= Allan Suter =

Allan Suter was the mayor of the District Council of Ceduna in South Australia from 2006 to 2018, a commercial shark fisherman and former spokesperson for the West Coast Professional Fishermen's Association. He holds several national and South Australian game fishing records, which he set between 1985 and 1992.

==Politics==
In 2014, Suter was re-elected to his position as mayor unopposed. Suter has taken strong positions on a number of sensitive political issues for the west coast of South Australia. These include his support for trials of a cashless debit card income management system for welfare recipients and the dispersing of "loitering" groups of aboriginal people from Ceduna's main street. Suter has also challenged what he considers to be misrepresentations of Ceduna's social problems, including drunken disorder, as reported by mainstream journalists and columnists for The Advertiser, including Tory Shepherd. He claims that progress has been made following media reports on the subject in previous years.

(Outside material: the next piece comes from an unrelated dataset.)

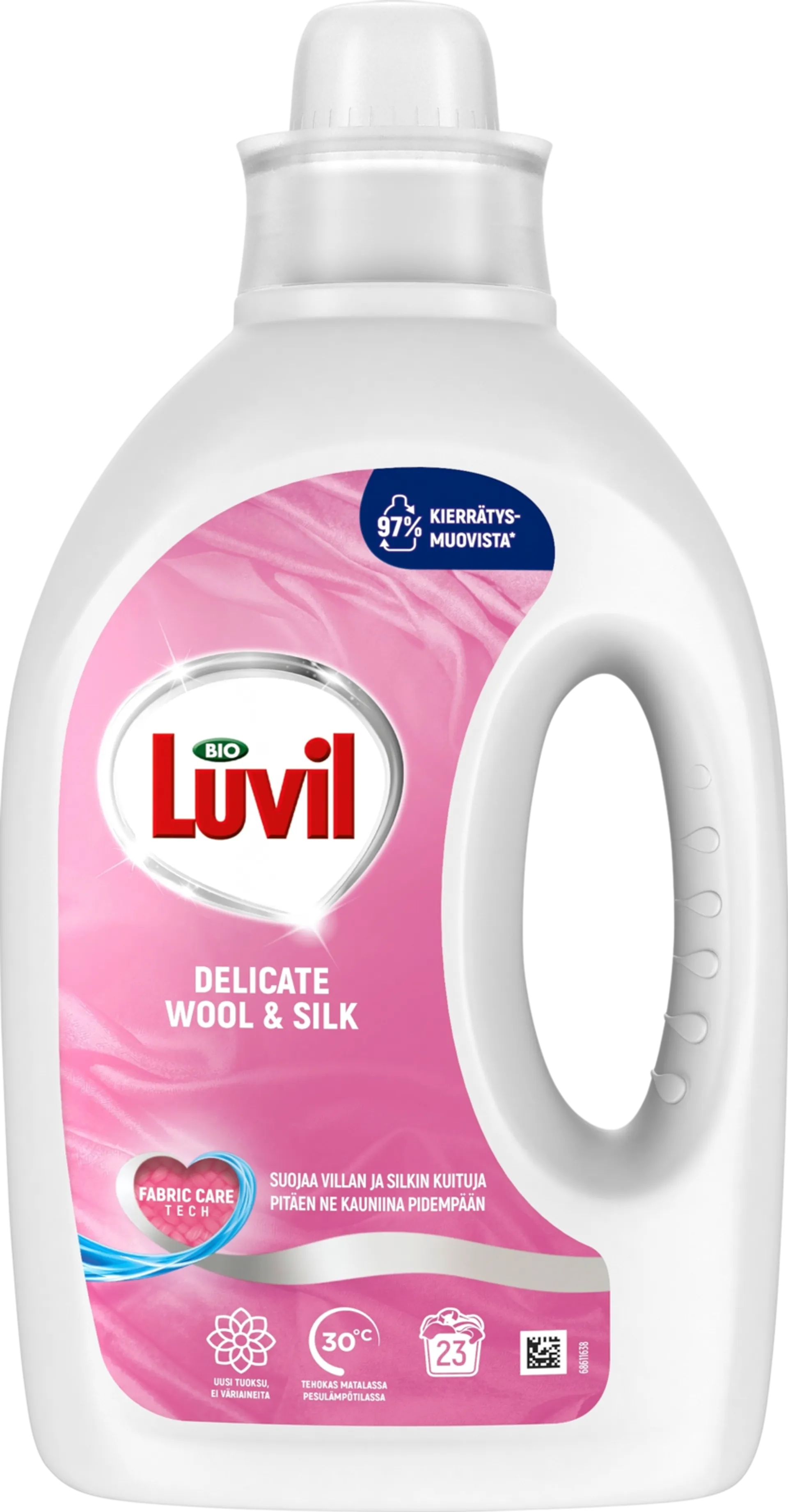 Bio Luvil Villa & silkki Pyykinpesuaine Hellävarainen puhdistus 920 ml 23 pesua - 1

Suter has supported the interests of the fishing industry, challenged the merits and planning of South Australian marine parks and criticised South Australian marine scientists and fisheries management authorities. He has stated that he believed that the introduction of state-managed marine parks represented "dangerous harm" for regional South Australian communities, and rejected claims about the projected economic potential for marine park eco-tourism in his region in a study commissioned by the Conservation Council of South Australia. He referred to the process of developing regional impact statements related to marine parks as a "farce" and described the statements as "ludicrous rubbish". He has expressed concern about marine parks reducing areas accessible to commercial fishing, including marine scale fish and southern rock lobster fisheries. Suter has been critical of SARDI's fisheries stock assessment processes, and in 2015 accused SARDI's whale researchers of "chasing whales to exhaustion" when tagging seven animals in the Great Australian Bight.

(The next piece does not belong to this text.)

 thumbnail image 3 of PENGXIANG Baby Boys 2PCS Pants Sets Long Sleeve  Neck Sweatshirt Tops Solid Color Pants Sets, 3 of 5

Suter has filled the role of Chair of the Kimba Consultative Committee for the National Radioactive Waste Management Facility process.

== Personal life ==
Suter is a boat owner and record-holding recreational fisherman. He holds a Game Fishing Association of Australia national record for a 31 kilogram mulloway caught from land on 8 kilogram line near Ceduna in 1992. He also holds a South Australian record for a 31.2 kilogram mulloway caught on 6 kilogram line in 1986. He also holds further state records for catches of a 270 kilogram bronze whaler shark (15 kg line, 1987), a 26.4 kilogram western blue groper (15 kg line, 1987) and a 35 kilogram smooth stingray (6 kg line, 1985). All of Suter's records were set near Ceduna.